### EXERCISE BRIEF
Return the lines of the data below starting at the one holding "Peut inclure: Bague" and ending at the one holding "a living room", word for word, leaving every picture out.

### DATA FOR THE TASK

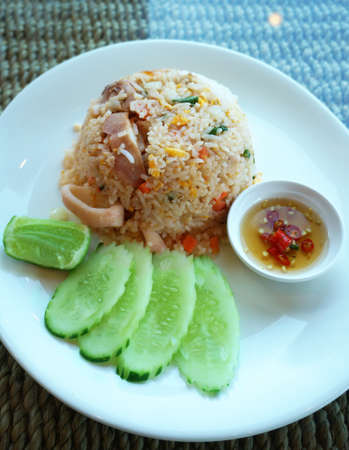 Asian food, Thai food, squid fried rice with cucumber and lime in a white plate on a tableの写真素材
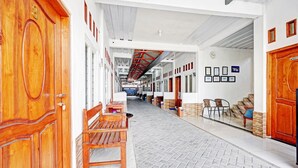 Passadís amb portes de fusta, seients i un paviment de rajoles.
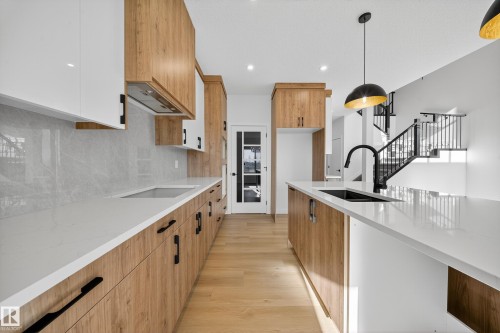 Kitchen featuring light stone countertops, pendant lighting, light wood-style floors, brown cabinets, and recessed lighting - 3285 Chernowski Way Sw, Edmonton, AB - Indoor Photo Showing Kitchen With Upgraded Kitchen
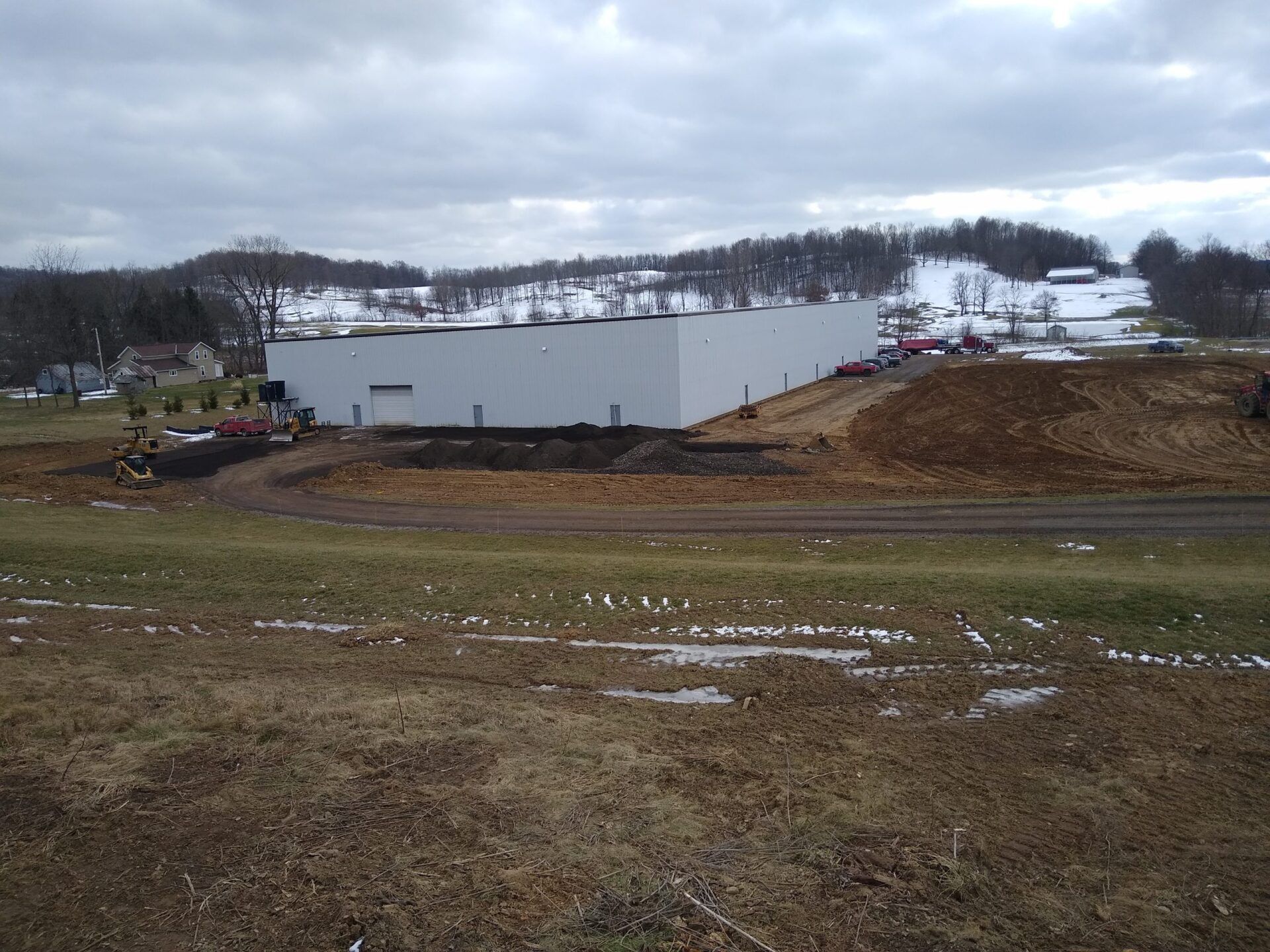 A large white building is in the middle of a field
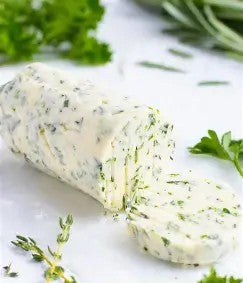 Rolled herbed compound butter on a white background with fresh herbs around. Created in the kitchen of Nystrom Orchard in Worthington Minnesota.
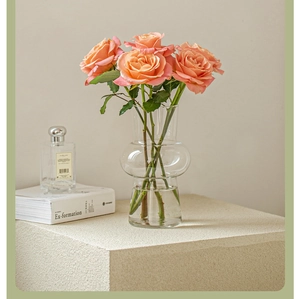 Detail of a transparent glass vase holding pink roses next to an Ex-formation book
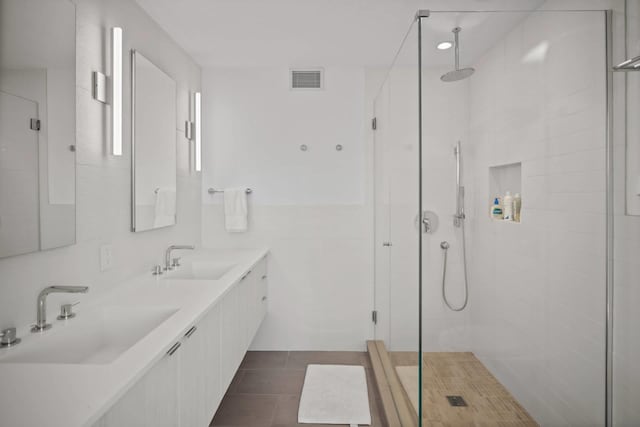 bathroom featuring a stall shower, tile patterned flooring, visible vents, and a sink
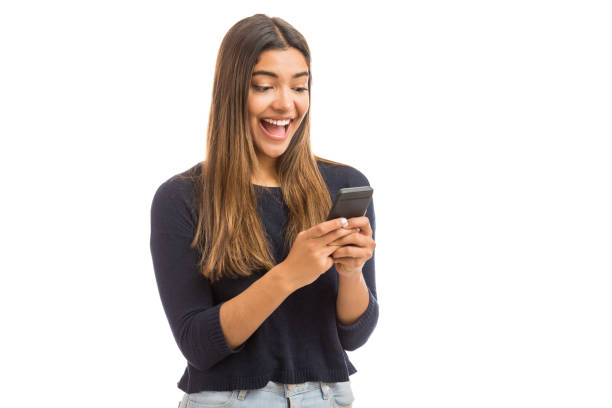 Oh Yeah! I Won The Lottery Excited beautiful woman receiving SMS in mobile phone over plain background surprised woman stock pictures, royalty-free photos & images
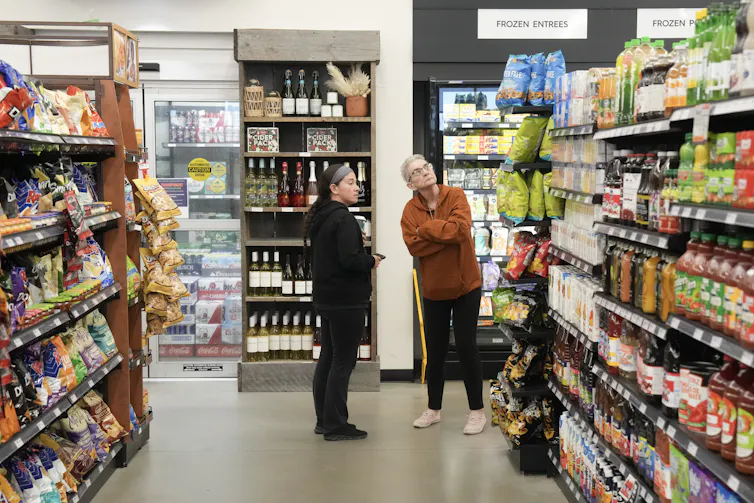 Dos personas miran los productos en el estante para pasar la producción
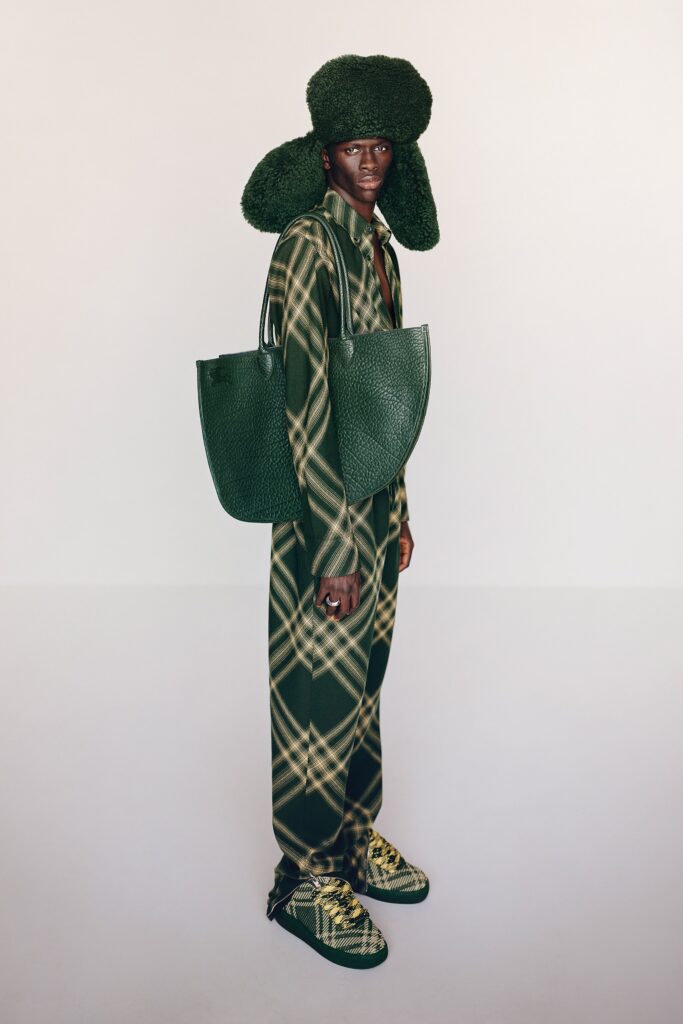 A relaxed green checked jumpsuit with long sleeves and a collared neckline.
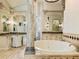 Bathroom with large soaking tub and and vanities at 1513 Jones Rd, Roswell, GA 30075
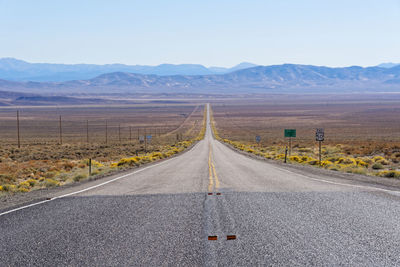 Road leading towards mountains against sky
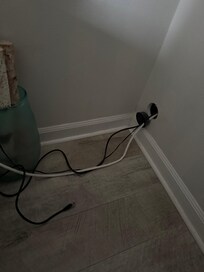 Cords hanging out of the wall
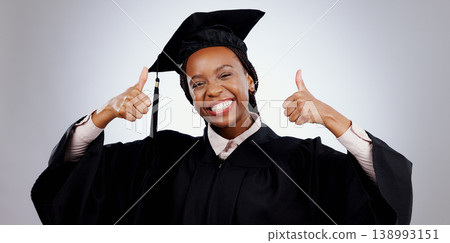Graduation, thumbs up and woman or student success with celebration, education and learning or college achievement in studio. Portrait of happy african graduate with like emoji on a white background 138993151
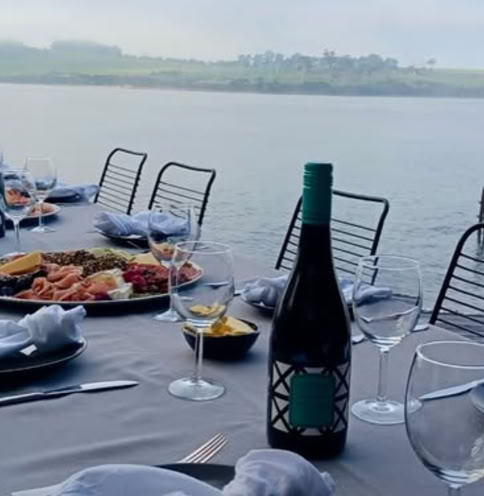 Outdoor dining table set with plates, wine glasses, a bottle of Waterton Hall wine, and a platter of food, overlooking a body of water and distant landscape.
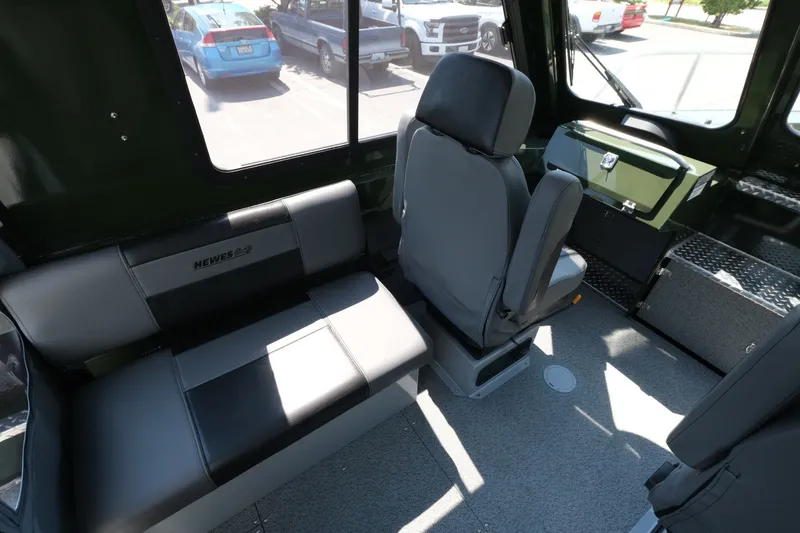 Slide: The Image of Interior of 2022 Hewescraft 190 Sea Runner ET Hardtop, featuring seating and dashboard. - 10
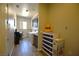 Bright laundry room with wood-look tile flooring, washer, dryer, and storage cabinets at 7047 Noble Flair Ct, Las Vegas, NV 89131
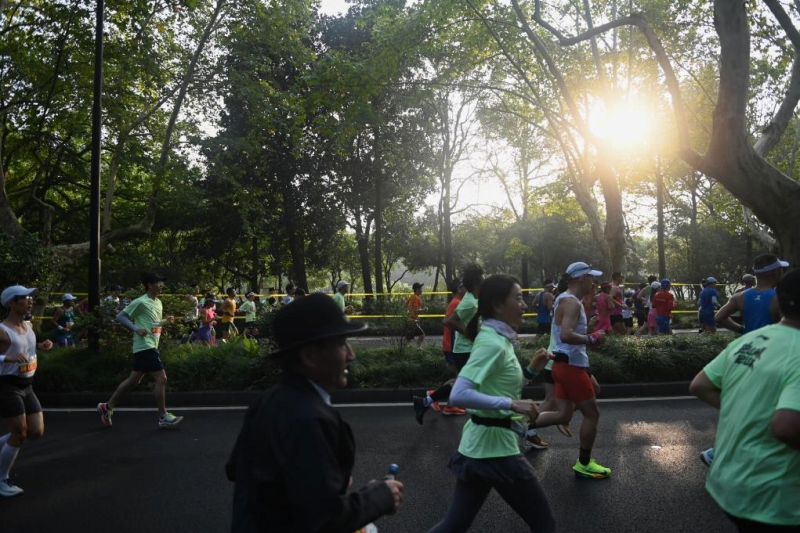 11月3日、西湖景勝地の楊公堤を走るランナー。同日、2024杭州マラソン大会が開催された。撮影・黄宗治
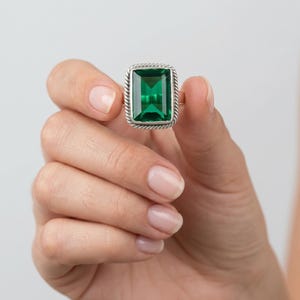 Peut inclure: Bague en argent ornée d'une grande pierre verte de taille émeraude. La bague présente une bordure texturée en forme de corde autour de la pierre. Fond blanc.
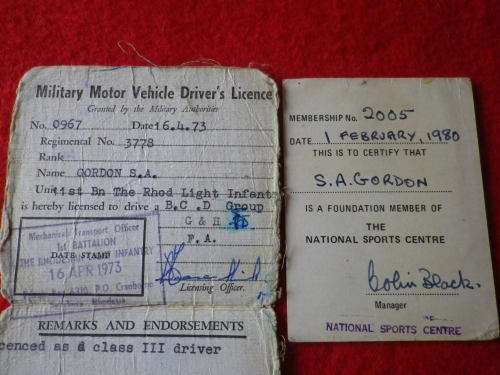 RHODESIAN - 2 X MILITARY DRIVERS LICENCES, SOME WEAR - OWNERS DETAILS AS SEEN    (8074)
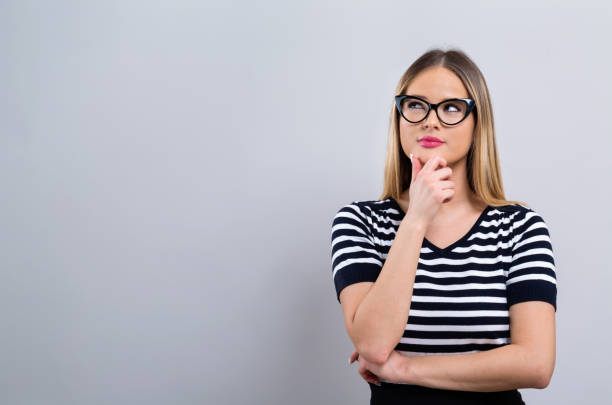istock Young woman in a thoughtful pose 1082883282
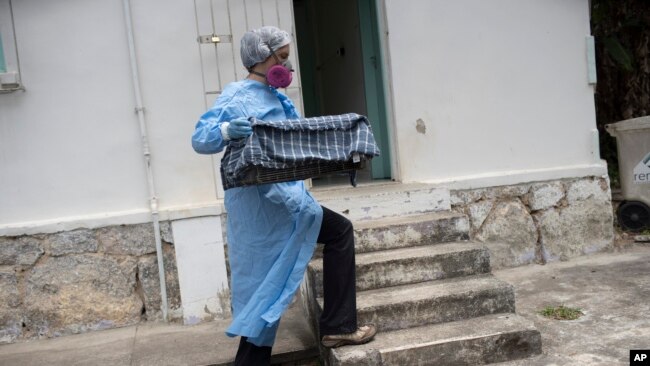 A researcher for Brazil's state-run Fiocruz Institute, wearing protective gear, transports captured monkeys to a holding area, at Pedra Branca state park, near Rio de Janeiro, Tuesday, Oct. 29, 2020. (AP Photo/Silvia Izquierdo)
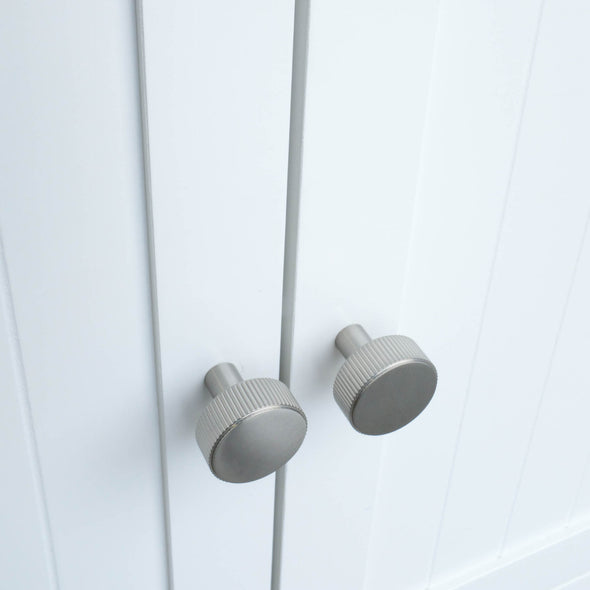 Two Satin Nickel Hapny Ribbed knobs installed on white cabinet doors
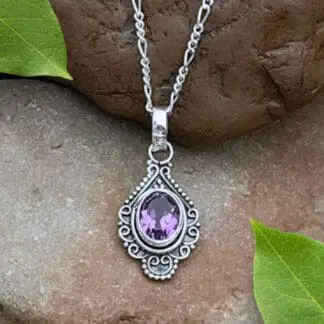 A photo of our Oxidized Sterling Silver Pendant with oval faceted amethyst gemstone in a vintage flair.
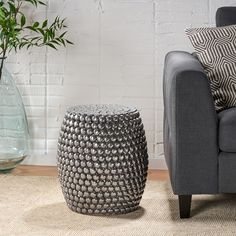 a living room with a gray couch and white brick wall in the background, along with a vase filled with green plants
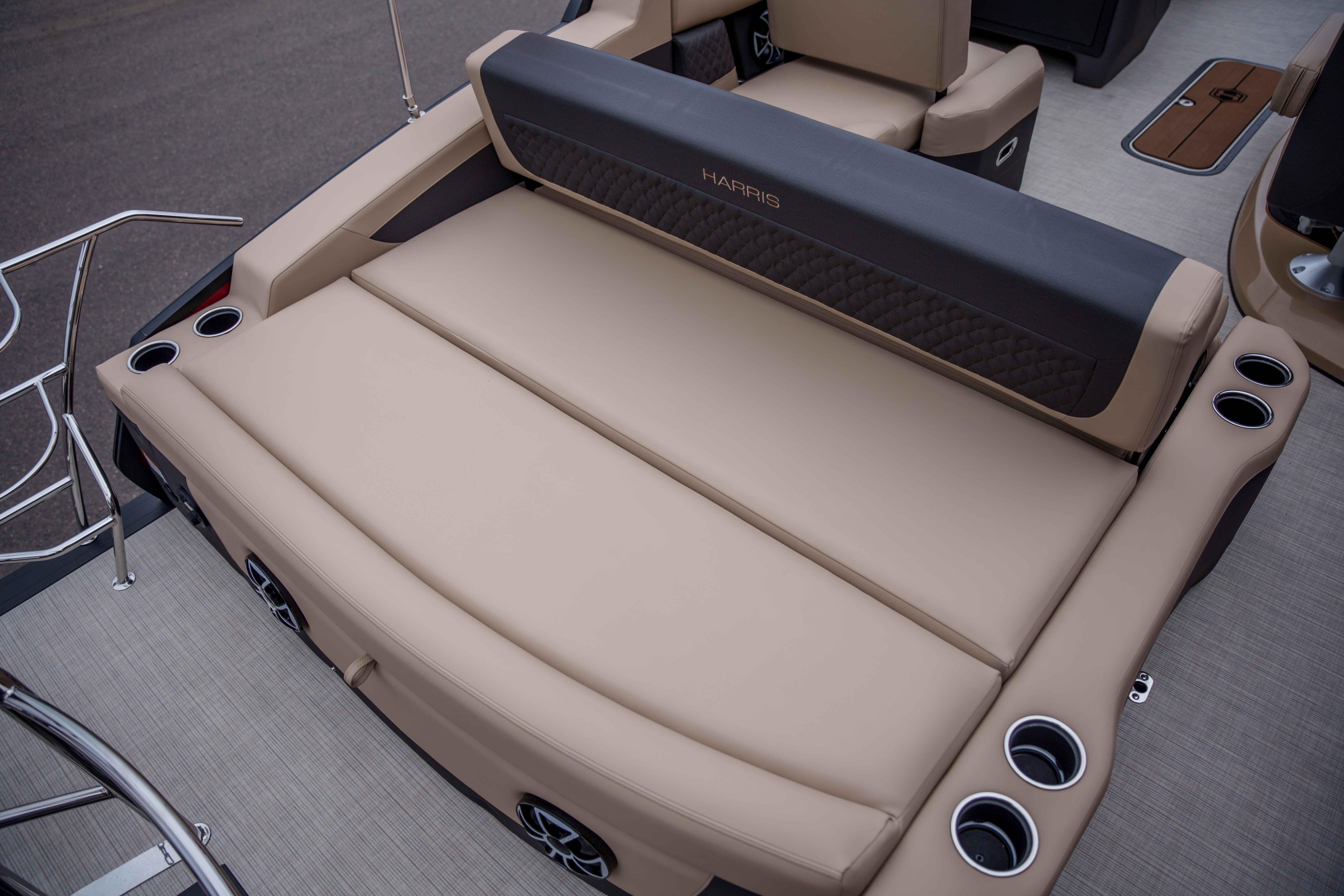 Luxurious seating on 2026 Harris Sunliner 230 boat with cup holders and elegant design.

### RESPONSE AREA
 Peut inclure: Bague en argent ornée d'une grande pierre verte de taille émeraude. La bague présente une bordure texturée en forme de corde autour de la pierre. Fond blanc.
 RHODESIAN - 2 X MILITARY DRIVERS LICENCES, SOME WEAR - OWNERS DETAILS AS SEEN    (8074)
istock Young woman in a thoughtful pose 1082883282
 A researcher for Brazil's state-run Fiocruz Institute, wearing protective gear, transports captured monkeys to a holding area, at Pedra Branca state park, near Rio de Janeiro, Tuesday, Oct. 29, 2020. (AP Photo/Silvia Izquierdo)
 Two Satin Nickel Hapny Ribbed knobs installed on white cabinet doors
 A photo of our Oxidized Sterling Silver Pendant with oval faceted amethyst gemstone in a vintage flair.
 a living room with a gray couch and white brick wall in the background, along with a vase filled with green plants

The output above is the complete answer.